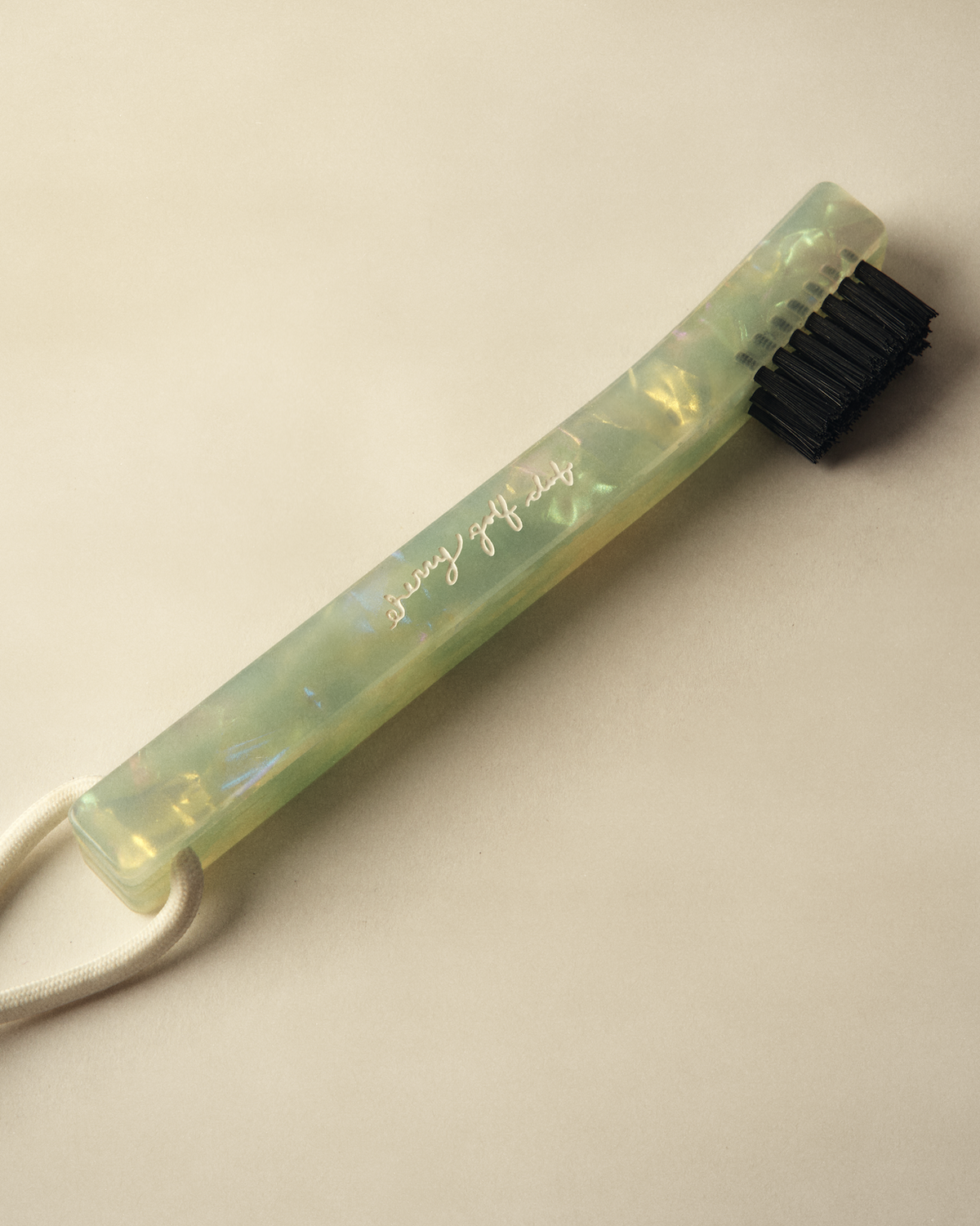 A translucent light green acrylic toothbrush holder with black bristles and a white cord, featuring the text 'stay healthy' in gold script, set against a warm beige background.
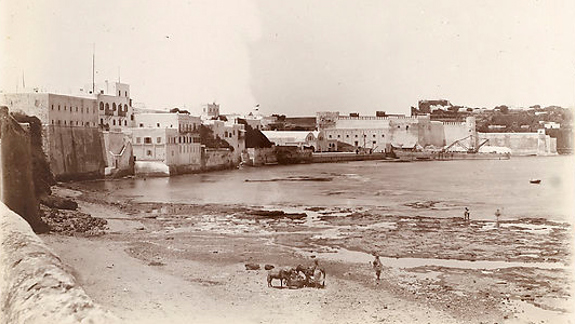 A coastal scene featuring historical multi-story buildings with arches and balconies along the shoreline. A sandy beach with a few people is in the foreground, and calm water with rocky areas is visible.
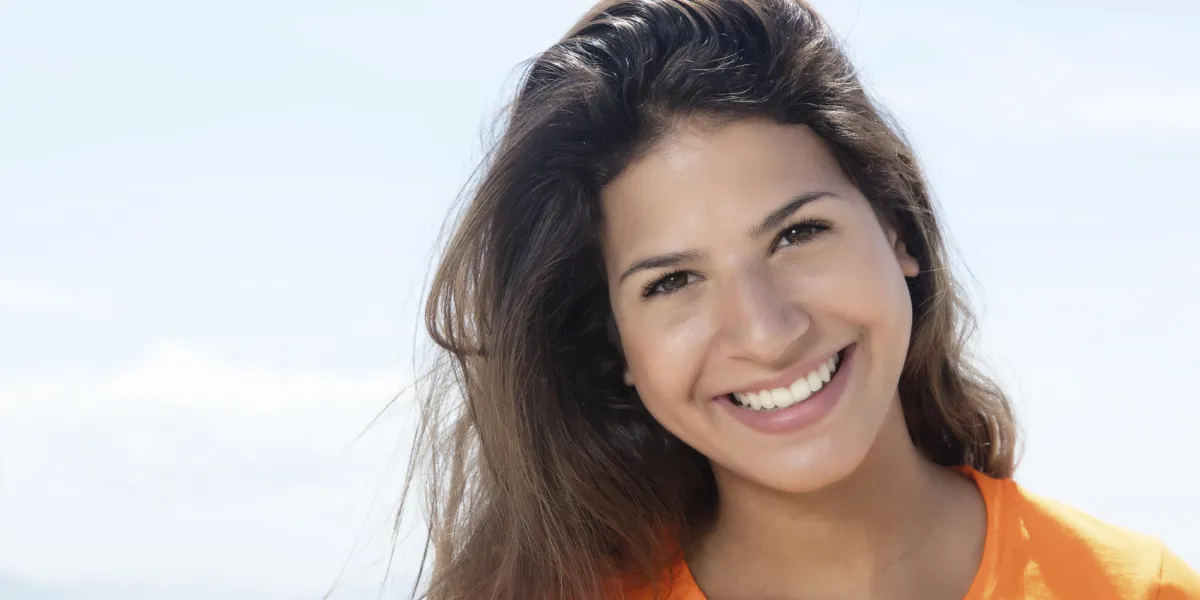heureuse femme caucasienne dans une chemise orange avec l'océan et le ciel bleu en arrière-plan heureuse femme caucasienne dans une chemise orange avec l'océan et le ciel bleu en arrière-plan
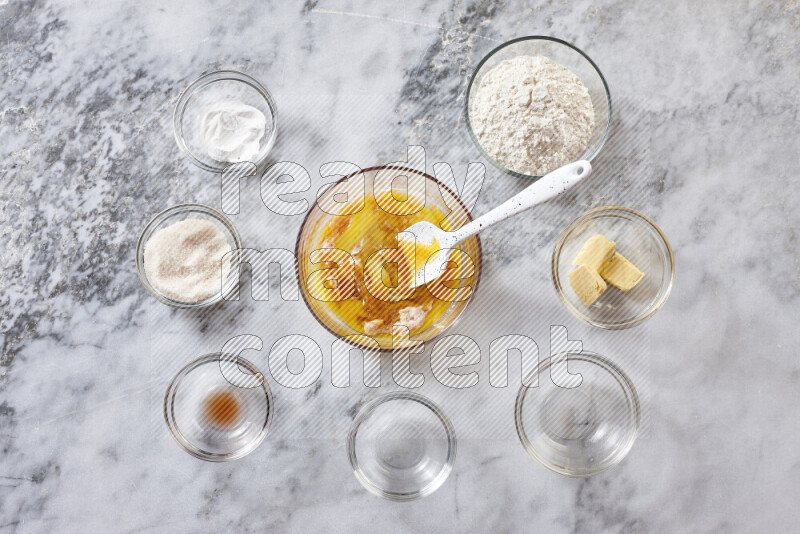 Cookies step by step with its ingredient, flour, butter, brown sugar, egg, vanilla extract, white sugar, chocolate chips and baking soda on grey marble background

========

== WHAT THE EXERCISE ASKS ==
None of the pictures should be carried over when the data above is transcribed exactly.

== SOLUTION ==
 A translucent light green acrylic toothbrush holder with black bristles and a white cord, featuring the text 'stay healthy' in gold script, set against a warm beige background.
 A coastal scene featuring historical multi-story buildings with arches and balconies along the shoreline. A sandy beach with a few people is in the foreground, and calm water with rocky areas is visible.
heureuse femme caucasienne dans une chemise orange avec l'océan et le ciel bleu en arrière-plan heureuse femme caucasienne dans une chemise orange avec l'océan et le ciel bleu en arrière-plan
 Cookies step by step with its ingredient, flour, butter, brown sugar, egg, vanilla extract, white sugar, chocolate chips and baking soda on grey marble background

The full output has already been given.